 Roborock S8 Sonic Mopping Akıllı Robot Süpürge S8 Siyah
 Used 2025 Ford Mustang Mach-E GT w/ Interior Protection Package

---

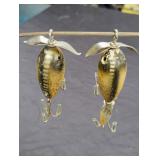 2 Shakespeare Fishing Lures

* TO DO
Beginning with the line that has "Roborock S8 Sonic" and ending with the line that has "Used 2025 Ford", set down the lines above exactly and include no others.

* SOLUTION TO THIS PROBLEM
 Roborock S8 Sonic Mopping Akıllı Robot Süpürge S8 Siyah
 Used 2025 Ford Mustang Mach-E GT w/ Interior Protection Package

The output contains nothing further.